Federal Justice System Passes Single Bet Bill, But There's Still Work to be Done
The amended C-218 bill to legalize single-game sports betting in Canada was unanimously passed yesterday. While it feels like this is a step in the right direction, there are still some barriers blocking citizens from gaining access to comprehensive online wagering.
The amendment to the bill was passed, excluding one slight alteration that the committee of Justice and Human Rights decided to change, which would have allowed Canadians to bet on horse racing markets.
Horse Racing Excluded from Single Bets Bill
While this may seem like another hurdle for bettors, there is certainly a good case for excluding horse racing. The horse racing industry relies upon the mutual betting system currently in operation in Canada — which if it were to change, would jeopardize some 50,000 jobs across the nation.
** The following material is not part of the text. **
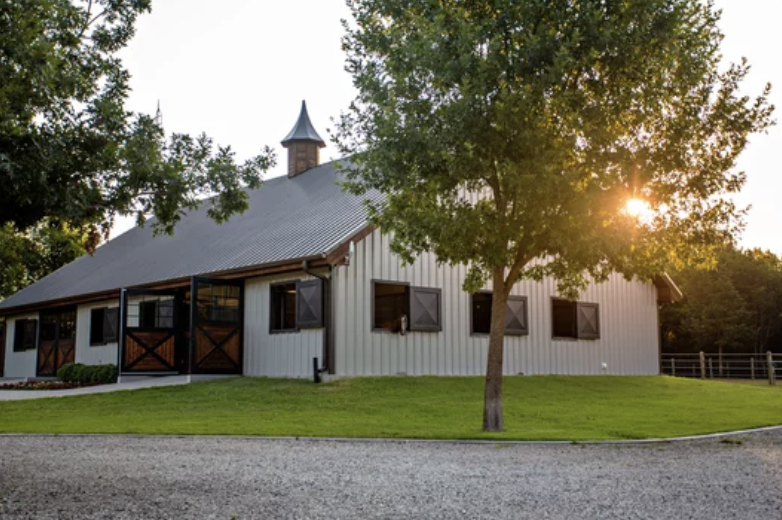 Syndicate Builders Equestrian Barns, stables, sheds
That bill now heads to the Senate, where the committee will have a third reading before making a decision. While this bill is very important to some parties, it’s low down on the list of priorities, so the House of Commons is unlikely to complete the third reading until May. The bill has a long way to go before it meets the point where the gambling community can freely enjoy the fruits of online wagering.
Online wagering has been a long-standing issue within Canadian politics, with a number of representatives from the Conservative Party of Canada pushing for change. The bill is backed mainly by Conservative MPs, although there is broader support across a number of other parties. There is a possibility that the bill may be pushed forward, but this depends on a number of factors and it could easily end up untouched until mid-May. The Easter break compounds the issue, as the House shuts during this period and work won’t resume until April 12th.
Photographer: David Kawai/Bloomberg Justin Trudeau
Further issues if the PM calls for a Snap Election
There are rumblings of the possibility that Prime Minister Justin Trudeau may move to dissolve Parliament and call for elections in June. It was as early as January this year when Trudeau made claims that we could see an election in 2021.
The decision would be disastrous for the bill. It would mean that the bill would be scrapped and members of the committee wouldn’t table it again until 2022, at the very earliest.
Another stumbling block for the single-bet bill is the fact it’s not a government member bill, which would garner much more support in the chamber. A similar situation occurred back in 2014, only for the bill to fall apart. It was Canadian Attorney General David Lametti that filed the sports betting bill, but the administration twice decided not to have the committee consider it.
Moreover, there is a possibility that the Senate could make a further amendment. While some speculate about the possibility of additional changes coming from the Judiciary Committee, it could be more likely that changes would come from the top. The consideration for involving indigenous nations and allowing them to participate in online betting could be an amendment that we see from the Senate. But, once again, this would cause further delays to any progress towards passing the bill.
Conservative MPs, the gambling community, and a number of external influences would like to see the changes made to the C-218, allowing single-game sports betting in Canada. Pro-line has served the country for a long-time and created an industry, but Parimutuel betting is a thing of the past.
To make real progress, provinces need to be given the ability to license operators and give citizens access to online sports wagering. The archaic betting practices currently in operation only allow for parlay betting, which is less lucrative than with online providers. It seems inevitable that this bill will go through, it’s just a question of when. Right now, there is momentum and those in favor of the amendment must continue to pursue change.